GIVEN THE long lead times required for designing and building power plants and electrical infrastructure, energy policy is, by its nature, a process that requires long-term planning.

The U.S. developed its post-Second World War energy policy in a time of expanding and seemingly endless domestic supply. It wasn't until the 1970s that American oil production peaked. Hence, the cheapness of gasoline and the energy profligacy that characterized U.S. products and appliances--from the enormous cars, to household goods and industrial processes, to urban, suburban and now "ex-urban" sprawl--was never seen as a problem.

In contrast, Europe and Japan had no energy resources of their own, particularly before the discovery of North Sea oil in the late 1970s. Governments were forced into examining geopolitical trade-offs associated with a "foreign dependence on oil" decades before the U.S., and they designed their economies, infrastructure and cities accordingly. The compact towns, houses and cars, and the relatively efficient public transit systems that characterize Europe are the result of this.

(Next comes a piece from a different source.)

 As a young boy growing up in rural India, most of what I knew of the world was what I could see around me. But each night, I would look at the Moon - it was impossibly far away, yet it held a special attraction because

So the mystical ways of the American love affair with large gas guzzlers (SUVs are also 50 percent more profitable than regular cars to vehicle manufacturers) and the European predilection for small, more efficient cars have their roots in the specific contours of each region's development, not some psychic disorder of the people.

Because of this historical development, the U.S. is the most energy inefficient of all the developed countries, with higher per-capita energy requirements and carbon emissions. Plus, it is behind in the technology that the Europeans and Japanese have long research histories in. and thereby a competitive advantage.

This explains why the EU--apart from a more organized, active and conscious citizenry that has placed greater environmental demands on its leaders--is pushing for stricter environmental controls and restrictions on carbon emissions. The EU countries are more than aware that this will enhance their existing competitive advantage and further weaken U.S. capital, at a time when the U.S. is struggling to maintain its global pre-eminence.

The U.S., therefore, in order to shield its own capitalist enterprises from enhanced competition from old powers--or rising new ones such as China and India--has to use all of its waning, but still dominant, influence to procrastinate, obfuscate and slow down any requirement for real energy restrictions that would put it even further behind.

An example and a counter-example will round out this point. The ramshackle or non-existent nature of public transportation or public spending on modernizing infrastructure projects in the U.S. is legendary. Around 95 percent of Americans commute to work by car, often as the sole occupants of the vehicle, because that's how U.S. cities were designed.

In many cities, according to a recent report in the New York Times, urban sewage systems are falling apart due to underinvestment, which results in public waterways being routinely inundated with untreated human excrement and commercial waste, leading to 20 million Americans falling ill per year. Underinvestment in bridges has already led to bridge collapses and deaths.

If Congress is incapable of putting money into maintaining or updating the basic infrastructure of capitalist normality necessary for a functioning market economy--such as safe bridges and sanitation--how much less capable or willing is it to allocate money to climate change legislation that will only further weaken America's position as hegemonic global power?

On the other hand, there is one area that the U.S. remains pre-eminent by many orders of magnitude--its military. Hence, the U.S. turn to overt military solutions to counteract growing economic problems.

When the American ruling class wanted to do something after September 11, for example, it transformed and militarized the planet, while torturing its way across the Middle East and destroying civil liberties at home. In other words, when the ruling class is invested in a project, it commits real money and makes sure it gets done--not on a timeframe of decades, but in months or years.

The lesson is clear. If we want something done, we have to organize and fight for it.